Selena Gomez: Concert review
Gomez, dressed like an haute-couture genie, danced and gyrated her way through the evening at the ACC. She even sang — if you could hear her.

By: Nick Krewen Music, Published on Sun Aug 25 2013

http://www.thestar.com/entertainment/music/2013/08/25/selena_gomez_concert_review.html
Selena Gomez
2.5 stars
Air Canada Centre. Aug. 24, 2013
Seen, yet barely heard.
Selena Gomez may have ditched her old faceless band The Scene for a groovier, more dance-friendly vibe, but at her appearance Saturday at the Air Canada Centre it didn’t really matter: her new instrumental backers drowned her out for a good portion of her 80-minute set.
Perhaps some of the estimated 11,000 fans who were situated towards the S-shaped ramped stage that extended about eight rows into the crowd heard the music more clearly. But for those of us on the sides, the 21-year-old Disney ingénue doesn’t possess a powerful enough voice to cut through the volume.
So right off the bat, after a thematic video sequence that found the charisma-free Gomez sleeping on a map of the stars and then entering a dream sequence in which she had to choose to walk through a number of white doors (no, none of them led to former — or is he still current? — squeeze Justin Bieber, in case you were wondering), she launched into “Bang Bang Bang” and “Round & Round” and her singing was muffled.
Not that it seemed to matter to her fans, who seemed evenly split between 6-year-old girls engaged in hero worship, tween-aged girls who’ve followed the Texas-born Gomez since her TV show days of Wizards of Waverly Place, and well-intentioned parents chaperoning the first two age groups.
They knew all the songs and mouthed the words as a midriff-baring Gomez, dressed something like an haute-couture genie, danced, jumped and gyrated her way through the evening, accompanied by a troupe of eight.
Sometimes the routines were unintentionally hilarious. For example, during “Write Your Name,” Gomez’s eight hoofers grabbed pink wands and performed what could be interpreted as a crazy aircraft marshalling dance before collectively using the wands to visually piece together a heart. One could imagine the calamity that would ensue if they were on an actual tarmac directing planes.

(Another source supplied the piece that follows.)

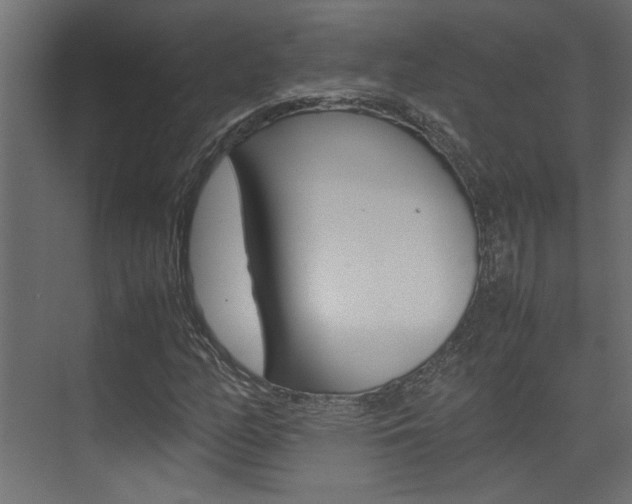 X0000074231158200608250809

As for Gomez’s sound, it was only about halfway in — during a couple of acoustic renderings of “Love Will Remember,” and “Dream/Royals” — that the band toned down enough for her singing to shine through.

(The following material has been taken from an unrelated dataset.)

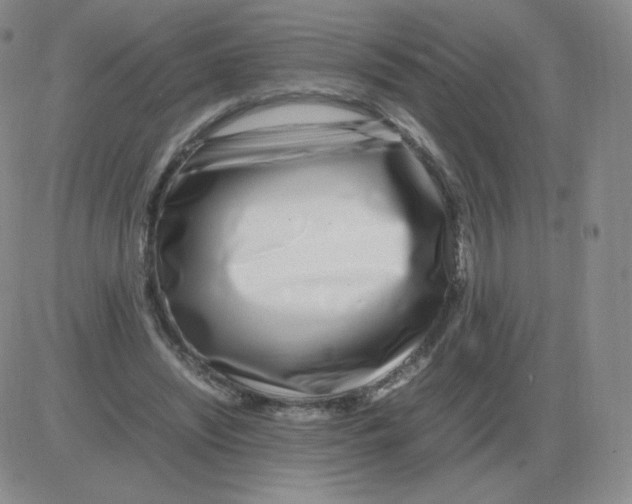 X0000082750444200702240043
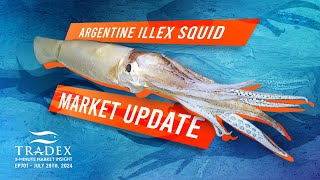 3MMI  The Argentine Illex Squid Market [upl. by Feil]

Personally, I’m still not sure what the fuss is all about. Gomez isn’t a particularly distinctive singer, and tunes like “Love You like A Love Song” or “Whiplash” are as homogenous as they come. Gomez’s concert Stars Dance presentation — a set featuring a giant staircase, aping this year’s earlier Taylor Swift tour, plus a handful of costume changes, video and choreography — was passable but would only be impressionable for the younger worshippers who had perhaps never attended a concert before.

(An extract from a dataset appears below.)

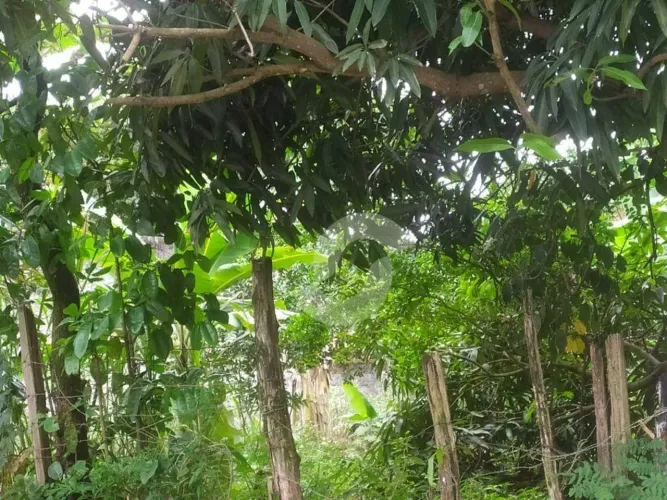 Terreno à venda, 600 m² por R$ 90.000,00 - Itaborai - Itaboraí/RJ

But Canada has always been kind and supportive to Gomez, attracted perhaps by her genuine earthiness. As well, the messages she imparts — believe in yourself, don’t change for anyone, trust your own decisions — are worthy of any role model wishing to make a good impression.
They’ve bought her records, attended her concerts and — now that she’s declared a moratorium on albums while she concentrates on the silver screen for a while — will probably go to see her movies.
So maybe Stars Dance was the warm-up to more unique musical promise down the road, although one shouldn’t hold one’s breath.
At the very least, this final concert hurrah for a while should give Selena Gomez fans a chance to mature and slide into sync with a woman who clearly wants to move into a more adult arena in terms of image and content — as well as give time for the sound guy to iron out all the kinks.